Nonetheless, the MCP cannot go into the real world.  Heaven cannot be breached, but as the story unfolds it is a creator who can come into the system and bring salvation to the created.  When Kevin Flynn, a User, attempts to infiltrate the system from ENCOM’s Laser Bay 2, he tells the MCP,  “How are you going to run the universe if you can’t solve a few insolvable problems?”  A creator can still outthink Master Control despite all its appropriations of souls.  Before Flynn can succeed, Master Control engages the bay’s digitizing laser which transforms Flynn’s matter and sends him into the Game Grid.  Like Jesus coming to Earth as a man, Flynn looks like a neon lighted programs.  But as a User he can perform the equivalent of miracles - the greatest of which is the resurrection of a recognizer. 

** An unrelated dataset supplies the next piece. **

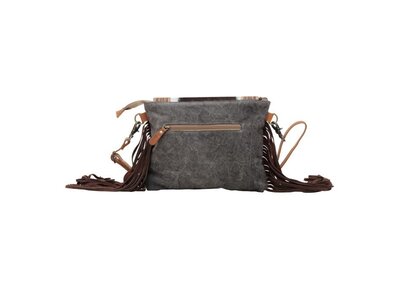 Myra Bags Alina Handtooled Bag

 At Flynn’s arcade, a giant billboard on the roof displays an image of the game Space Paranoids.  Flynn programmed this video game (the most popular at that time) and is the designer of the recognizers - the horseshoe shaped ships that populate Space Paranoids.  He’s even seen in his arcade playing it, cheered on by a mass of teenagers as he breaks the world record.  When Flynn, in the world of the Game Grid, discovers he is able to reassemble the parts of a recognizer just by touching it, he performs a digital resurrection on the created. 

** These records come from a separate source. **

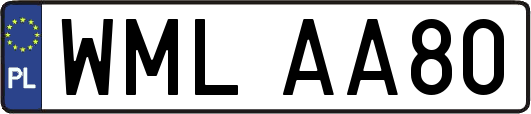 WMLAA80
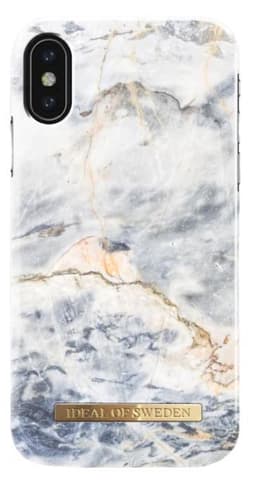 iDeal of Sweden Ocean Marble iPhone X/XS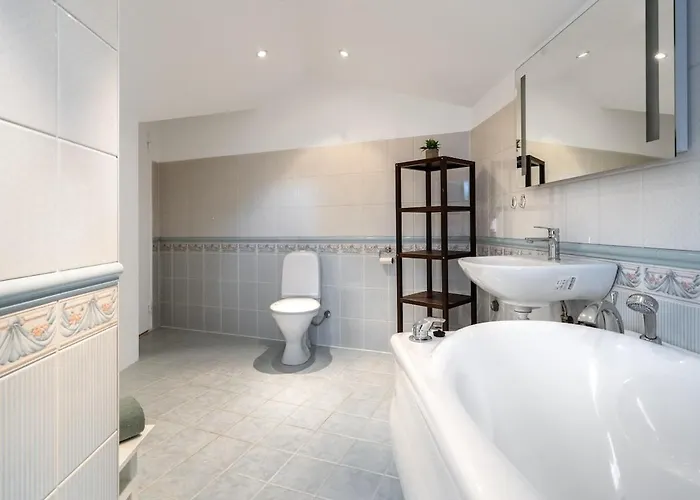 アパート Large And Cozy 2-level タリン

Flynn pilots the recognizer for his showdown with Master Control.  Digital buildings are all in disrepair.  The beauty of the Game Grid is in decay as the MCP appropriates more and more programs.  Like the Christian messiah, Flynn ultimately sacrifices himself by jumping into the MCP’s core.  He then lowers Master Control’s defenses so that Tron’s disc can defeat it.  Everything returns to normal, as if Eden is recreated.  The programs have achieved salvation from the MCP.  Yet Flynn does not die; he rises again by reappearing in the real world via the digitizing laser.  Flynn then gets the evidence that Dilinger “appropriated” his Space Paranoids and other programs, thus profiting from Flynn’s creation.  Dilinger’s misdeeds are revealed.  Perfection of Heaven and Earth are restored as Flynn becomes ENCOM’s new CEO and the Tron program restores the security of the system.  In the end, an appropriated program can become User-Believer again, fulfilling the commandments of the creator.